Rep. Albert W. Watson (D-SC) said "The racial problem is preeminently a Southern problem; in the South it can only be solved by Southern people, both white and Negro. Legislation by an only slightly familiar Federal Government can only inflame an already very difficult situation."
Lt. Gov. C.C. Aycock (D-LA) said the proposed bills "ignore the civil rights and civil liberties of homeowners, businessmen, professional men, and all persons other than the minorities who are sought to be protected…. The central government just does not have the constitutional authority to dictate to the individual citizen the persons with whom he must associate or the manner in which he must use his property, or what individuals he can or cannot serve in his place of business."
It is often told to children that they should “respect” their elders. I disagree! Respect is not granted, awarded, conferred, entitled nor should it be purchased. It is only valid when it is earned.
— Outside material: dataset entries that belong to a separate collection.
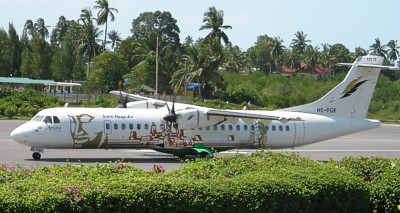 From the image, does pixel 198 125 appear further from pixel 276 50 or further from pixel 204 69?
pixel 276 50

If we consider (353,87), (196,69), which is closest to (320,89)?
(196,69)

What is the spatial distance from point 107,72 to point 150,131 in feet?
162

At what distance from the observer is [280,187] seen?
10.3 m

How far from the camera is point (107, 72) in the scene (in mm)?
75062

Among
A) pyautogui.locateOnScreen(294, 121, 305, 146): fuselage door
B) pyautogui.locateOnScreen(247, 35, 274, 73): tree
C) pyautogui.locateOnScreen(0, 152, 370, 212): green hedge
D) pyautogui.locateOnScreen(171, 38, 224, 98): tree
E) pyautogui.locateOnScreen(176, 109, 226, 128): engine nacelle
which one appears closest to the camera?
pyautogui.locateOnScreen(0, 152, 370, 212): green hedge

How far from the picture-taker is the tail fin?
2934 cm

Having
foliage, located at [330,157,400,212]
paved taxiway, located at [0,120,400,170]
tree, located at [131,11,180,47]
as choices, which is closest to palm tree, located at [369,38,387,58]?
tree, located at [131,11,180,47]

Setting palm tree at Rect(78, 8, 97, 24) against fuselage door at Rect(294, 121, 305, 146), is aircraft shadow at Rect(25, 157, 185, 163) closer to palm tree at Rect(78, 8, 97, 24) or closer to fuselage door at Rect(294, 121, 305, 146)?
fuselage door at Rect(294, 121, 305, 146)

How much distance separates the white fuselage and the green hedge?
1370cm

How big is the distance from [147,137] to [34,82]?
55.4 m

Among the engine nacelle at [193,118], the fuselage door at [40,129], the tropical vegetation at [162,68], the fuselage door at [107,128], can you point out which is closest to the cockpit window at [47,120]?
the fuselage door at [40,129]

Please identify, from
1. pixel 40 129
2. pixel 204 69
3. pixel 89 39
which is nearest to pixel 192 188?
pixel 40 129

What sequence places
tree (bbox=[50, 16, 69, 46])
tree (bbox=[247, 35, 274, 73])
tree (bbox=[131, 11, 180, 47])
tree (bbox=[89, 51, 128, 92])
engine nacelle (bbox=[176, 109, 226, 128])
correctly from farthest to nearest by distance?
tree (bbox=[131, 11, 180, 47]) → tree (bbox=[50, 16, 69, 46]) → tree (bbox=[247, 35, 274, 73]) → tree (bbox=[89, 51, 128, 92]) → engine nacelle (bbox=[176, 109, 226, 128])

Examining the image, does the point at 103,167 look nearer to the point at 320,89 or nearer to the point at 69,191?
the point at 69,191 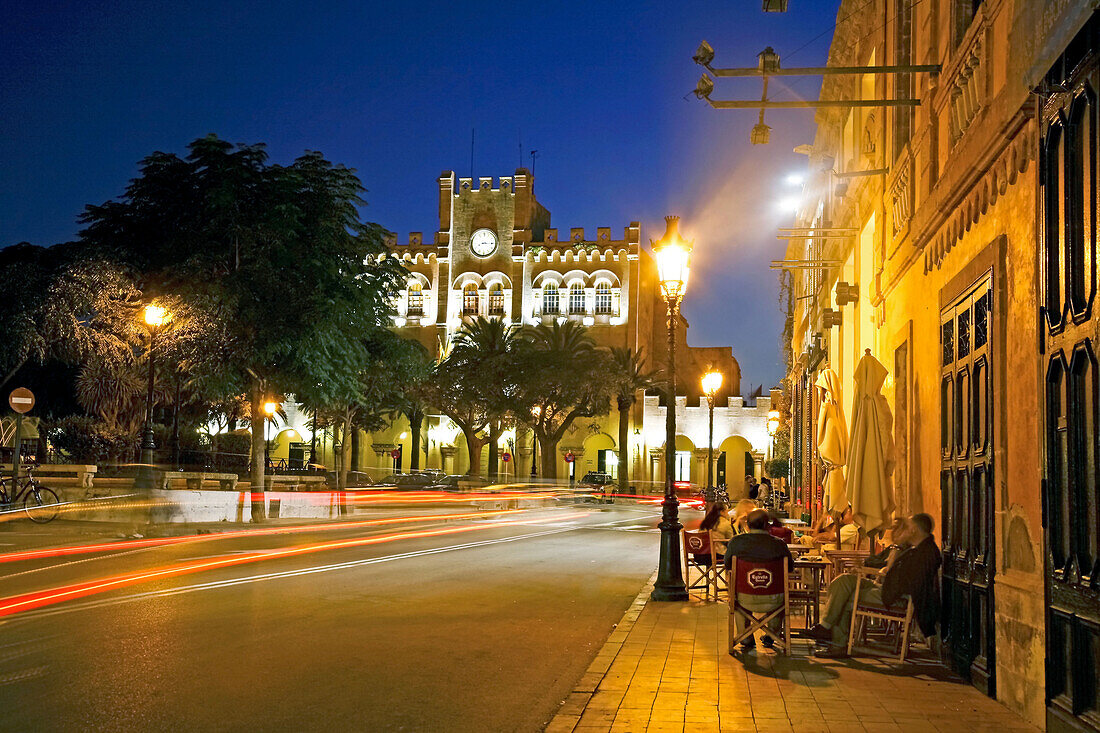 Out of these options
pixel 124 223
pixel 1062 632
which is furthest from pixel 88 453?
pixel 1062 632

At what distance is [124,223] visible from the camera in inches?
1131

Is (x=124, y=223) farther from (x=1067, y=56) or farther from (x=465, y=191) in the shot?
(x=465, y=191)

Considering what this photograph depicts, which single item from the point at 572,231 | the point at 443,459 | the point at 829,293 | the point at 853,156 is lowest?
the point at 443,459

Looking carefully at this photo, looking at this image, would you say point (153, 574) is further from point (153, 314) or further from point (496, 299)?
point (496, 299)

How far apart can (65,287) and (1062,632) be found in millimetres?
28486

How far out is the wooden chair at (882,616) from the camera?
28.0 ft

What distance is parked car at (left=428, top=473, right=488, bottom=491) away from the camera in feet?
171

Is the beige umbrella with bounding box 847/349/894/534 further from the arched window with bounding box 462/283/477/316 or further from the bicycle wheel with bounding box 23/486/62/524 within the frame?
the arched window with bounding box 462/283/477/316

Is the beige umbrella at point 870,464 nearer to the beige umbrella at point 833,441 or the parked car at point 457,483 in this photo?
the beige umbrella at point 833,441

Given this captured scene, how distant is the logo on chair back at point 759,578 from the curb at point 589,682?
138 centimetres

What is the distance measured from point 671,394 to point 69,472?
65.7 feet

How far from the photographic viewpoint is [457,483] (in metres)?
55.8

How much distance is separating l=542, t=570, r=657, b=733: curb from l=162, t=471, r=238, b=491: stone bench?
20175mm

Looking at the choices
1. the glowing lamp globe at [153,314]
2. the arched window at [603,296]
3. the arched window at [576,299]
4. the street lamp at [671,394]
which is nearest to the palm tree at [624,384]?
the arched window at [603,296]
To fabricate from whole cloth a myth of an anti-civil rights culture as you and your cronies in the Democrat party have done to the Republican party in the face of your bigotry and trampling of the right of other races is unconscionable. In the current mess we face, shame is common sir, but, you have earned it.
In His abiding love,
Cecil Moon
(Much of the research for this post is taken from R.D. Davis’ 1999 post on the Project 21 website.)